TTWK · 27/06/2015 10:46

I think it's very important to acknowledge that being a ceo of a business and delivering the service at grass roots level are hugely different. The suggestion that a man can't be ceo of the nct also suggest that Karren Brady shouldn't be involved in professional football. Her uterus and the fact she's never played professional football haven't hindered her ability and success in a massively male dominated area. There are outrageous "equality" double standards on this thread. I feel desperately sorry for women who don't or won't acknowledge the role men play in family life or how becoming and being a father impacts them as well. If you want support for the physical impact of pregnancy, birth and early parenting then use your midwife, it's what they're for. A room full of "fionas" channelling whale music and gazing at their fannies in mirrors while terrified "Nigels" treat them like glass princesses is laughable to the majority of the population. The nct has to change its image and become accessible in able to do good and become a really helpful organisation. Ofcourse that's going to infuriate the more staunch lentil knitters but there you go.

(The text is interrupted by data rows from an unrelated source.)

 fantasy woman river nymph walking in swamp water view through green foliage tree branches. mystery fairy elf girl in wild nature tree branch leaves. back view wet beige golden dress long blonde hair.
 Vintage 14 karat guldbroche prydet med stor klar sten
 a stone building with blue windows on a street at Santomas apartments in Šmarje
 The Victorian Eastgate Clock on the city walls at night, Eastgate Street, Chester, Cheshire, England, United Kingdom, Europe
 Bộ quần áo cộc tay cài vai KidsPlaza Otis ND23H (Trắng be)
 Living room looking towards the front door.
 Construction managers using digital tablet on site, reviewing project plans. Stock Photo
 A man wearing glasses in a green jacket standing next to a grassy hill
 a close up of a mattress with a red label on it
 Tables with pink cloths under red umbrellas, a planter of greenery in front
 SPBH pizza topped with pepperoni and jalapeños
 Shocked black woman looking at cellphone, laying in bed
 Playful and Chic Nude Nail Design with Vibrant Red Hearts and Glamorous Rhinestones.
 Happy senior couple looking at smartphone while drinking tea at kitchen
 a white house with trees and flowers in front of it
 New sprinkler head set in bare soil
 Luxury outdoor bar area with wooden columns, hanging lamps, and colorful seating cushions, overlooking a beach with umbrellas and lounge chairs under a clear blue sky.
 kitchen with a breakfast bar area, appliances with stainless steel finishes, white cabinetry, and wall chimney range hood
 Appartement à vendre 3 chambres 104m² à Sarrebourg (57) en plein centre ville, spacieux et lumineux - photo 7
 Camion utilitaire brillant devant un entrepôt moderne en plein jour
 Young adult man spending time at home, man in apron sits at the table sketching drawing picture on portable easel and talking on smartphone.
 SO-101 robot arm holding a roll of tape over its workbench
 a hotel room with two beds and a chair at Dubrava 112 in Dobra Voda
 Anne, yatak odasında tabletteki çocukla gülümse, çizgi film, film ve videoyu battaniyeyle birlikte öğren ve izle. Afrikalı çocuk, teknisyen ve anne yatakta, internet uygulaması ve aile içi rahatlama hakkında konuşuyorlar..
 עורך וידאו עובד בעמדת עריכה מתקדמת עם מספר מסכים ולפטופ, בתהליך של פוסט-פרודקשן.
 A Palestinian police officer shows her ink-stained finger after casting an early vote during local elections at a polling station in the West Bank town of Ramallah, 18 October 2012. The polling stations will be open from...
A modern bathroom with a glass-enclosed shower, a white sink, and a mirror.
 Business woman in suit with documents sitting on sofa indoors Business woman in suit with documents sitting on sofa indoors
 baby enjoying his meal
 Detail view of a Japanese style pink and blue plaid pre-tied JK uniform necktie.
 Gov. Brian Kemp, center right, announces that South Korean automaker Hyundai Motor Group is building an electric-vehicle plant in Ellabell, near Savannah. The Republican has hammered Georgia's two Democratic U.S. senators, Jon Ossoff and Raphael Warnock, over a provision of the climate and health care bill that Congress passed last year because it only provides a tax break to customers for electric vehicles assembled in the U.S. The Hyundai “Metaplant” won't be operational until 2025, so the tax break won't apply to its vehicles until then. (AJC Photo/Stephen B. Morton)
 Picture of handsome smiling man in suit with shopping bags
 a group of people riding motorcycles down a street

Absolutely 100% spot on. Really little else to say after this post.

morage · 27/06/2015 10:57

The point is that sex is not irrelevant. The NCT was set up by women for women. It has now moved into talking about the needs of men.
There is so much wrong with maternity care in this country, it is not as if there is not enough for them to do fighting for women.

PtolemysNeedle · 27/06/2015 11:01

Why should taking time out beyond the normal 1 year of maternity leave be advantageous? Why should going part time, as many women choose to do be advantageous?

I can see that giving birth might be a useful thing to have experience of, but only very slightly seeing as no women is going to have experience of every type of birth possible anyway. I can't see how having extended periods of time away from work is going to be useful at work.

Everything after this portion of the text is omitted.